Although it has been months since AT&T Wireless Services Inc. dropped all plans for services using the personal Air Communications Technology advanced paging protocol, some talk remained about pACT Vendor Forum members seeking other customers for the technology they invested so much in.
But it was just that … talk.
As it turns out, AT&T was the only basket in which the vendor’s eggs were placed. The pACT Vendor Forum has been disbanded and all the money left in its accounts was distributed back to its members, said Ted Pielemeier, a former board member of the now defunct group.
Pager device manufacturers and infrastructure members studying pACT technology all have ceased efforts in that area. Pielemeier, new business development manager in the wireless communications division of NEC Corp., said NEC also has terminated all pACT development.
Some remained hopeful for a while, however. Ericsson Inc. briefly considered using the pACT-based infrastructure it already had created in Latin America, said Ralph Phillips, former director of mobile data at the company. But the company was unable to find a pager manufacturer that could cost-effectively produce pagers using the protocol, so the idea fell through. He said no plans exist to salvage work on the protocol.

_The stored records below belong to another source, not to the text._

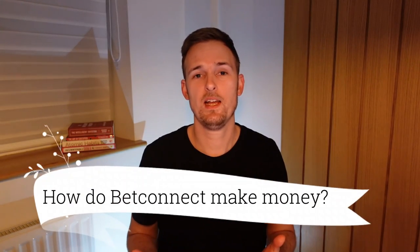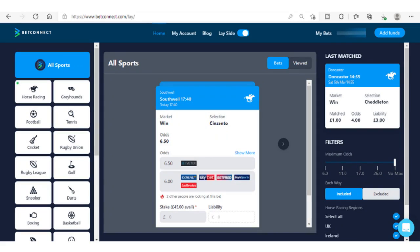So firstly, how do BetConnect make their money? Well, they have a backing side and a laying side. And us as match bettors, we're only interested in using that laying side. So when someone goes to the backing side and places a back bet,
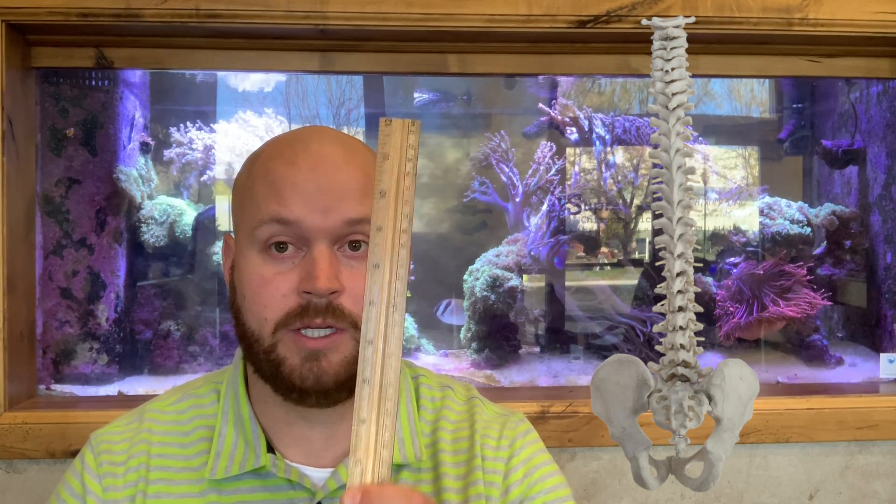First of all, the normal that we look for as doctors or chiropractors is a straight spine, which is a zero degree curve — similar to a ruler. There's no curvature going to either side; it's just straight all the way up.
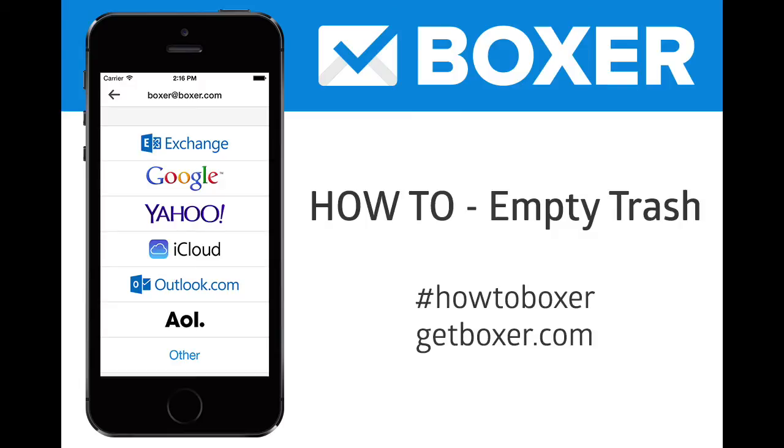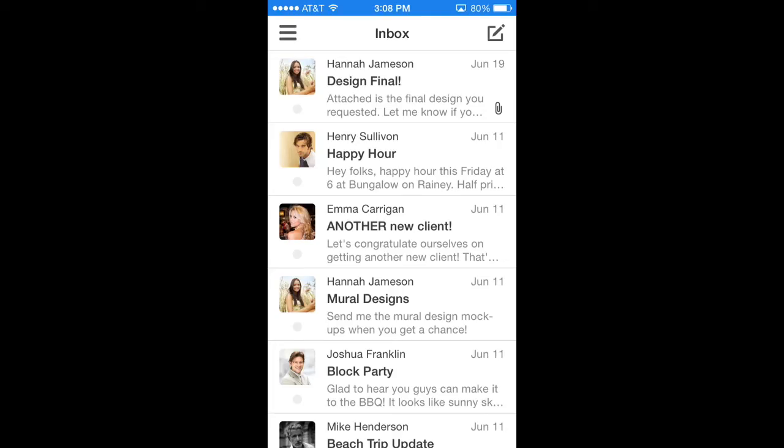Sup Boxers! Today we're going to be emptying our trash like responsible adults. Make sure to note this is how to empty your trash forever and not just sending an email to the trash.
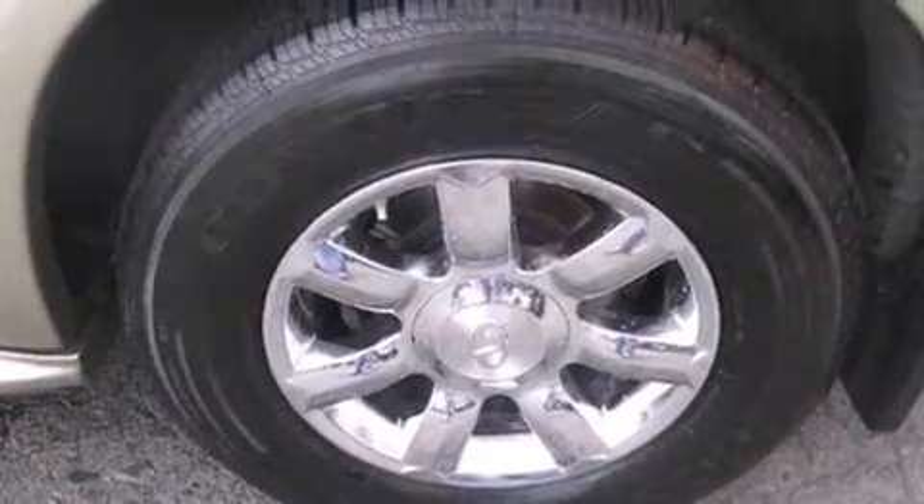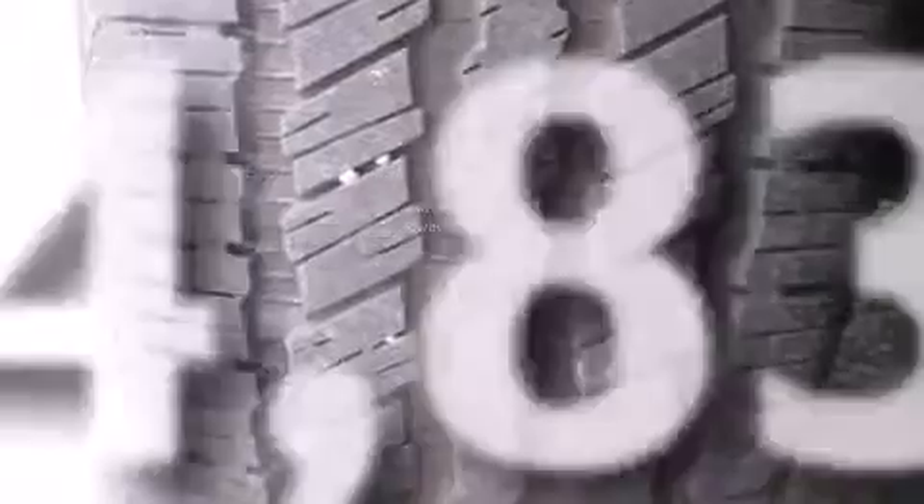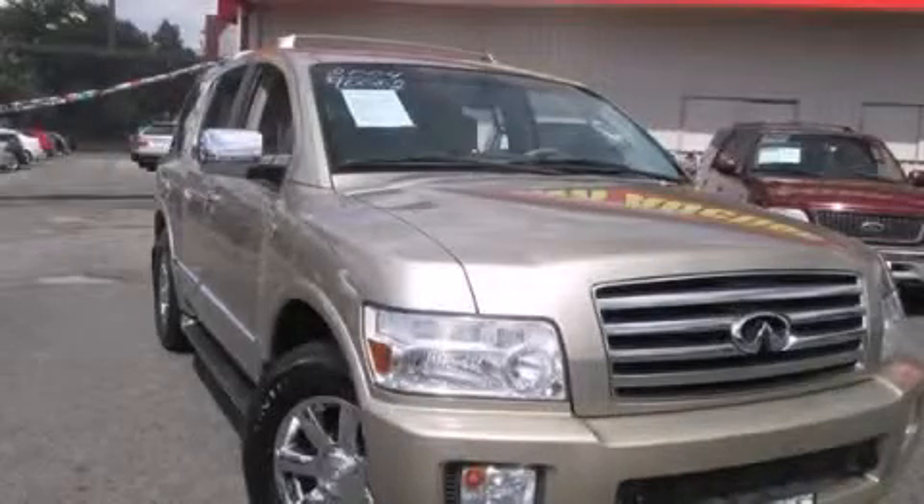Air conditioning with automatic climate control. This vehicle has fewer than 75,000 miles on the odometer. Please call today to reserve this vehicle for a test drive.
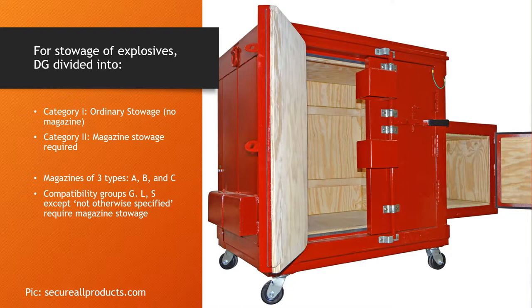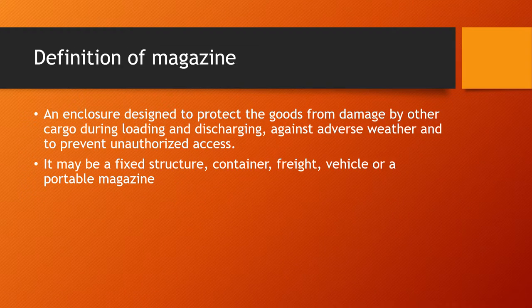For storage of explosives, dangerous goods are divided into two categories. Category one requires ordinary storage of slow-burning explosives and no magazine is required, but in category two you need a magazine. Magazines are also of three types: Type A, B, and C. The compatibility groups G, L, and S — except not otherwise specified — require magazine storage. If you're not familiar with all of this, I'll cover the IMDG code and its compatibility groups in a separate video.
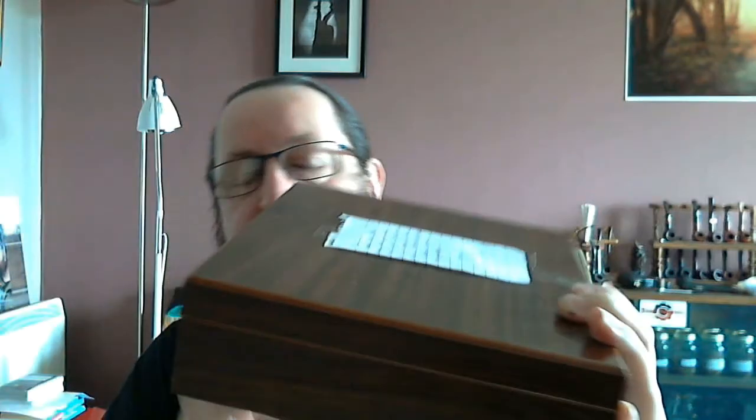I do not know what to say. Already I can see what it is. It is a humidor. That is awesome.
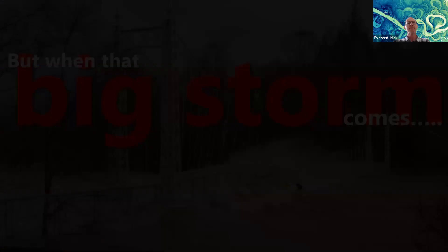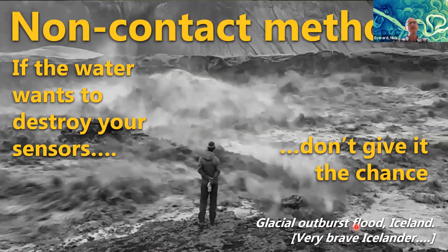We've looked at these very aggressive surfaces and understood that we need to get measurements, but we don't want to put ourselves or instruments in contact with the water — so non-contact methods. If the water wants to destroy your sensors and perhaps you, it's best you don't give it a chance. This nonchalant-looking chap is from our equipment organisation in Iceland, and I believe this is a glacial outburst flood — where heat from volcanic activity melts a glacier, builds up a big bubble of water, and it bursts, producing a colossal flow. How are you going to measure that? You can't use a boat or wade or put someone in a basket across the river.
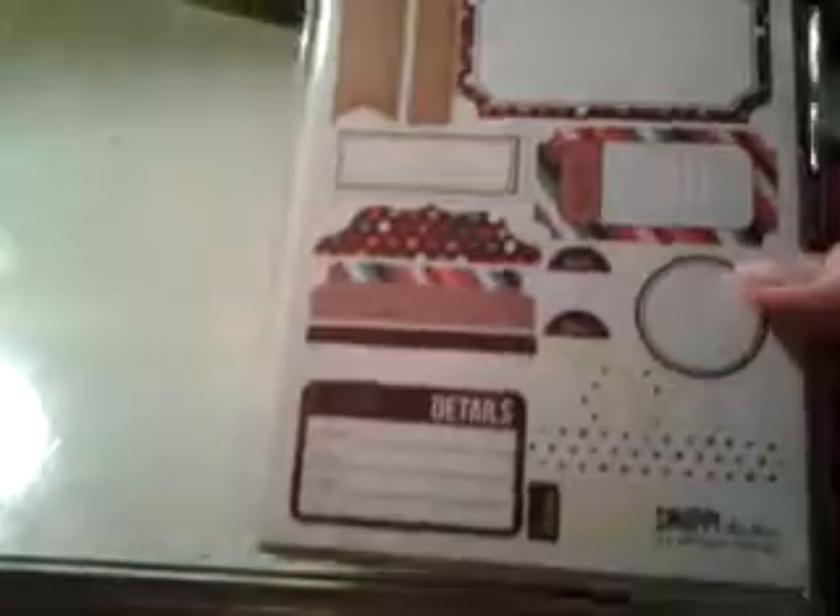Then I got these snap label stickers, and it comes with eight sheets, all different colors. These boxes were on sale — I think I got them for like a dollar, they were 40% off. I just got the blue one.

“We cannot get the device manufacturers to commit to producing devices at a reasonable price at low volumes,” Phillips said. AT&T was the only high-volume carrier that expected to use the protocol.
As far as the existing infrastructure created for pACT, Phillips said some parts were salvaged and reused in other networks, but much of it had to be scrapped. “But it wasn’t a total waste,” he said.
As much as vendors competing with Motorola Inc. would have liked to have made infrastructure and devices based on something other than FLEX technology, all that remains of the effort is wasted money and bad blood.
“We really hated the whole thing,” said Pielemeier. “We were really looking forward to implementing that technology.”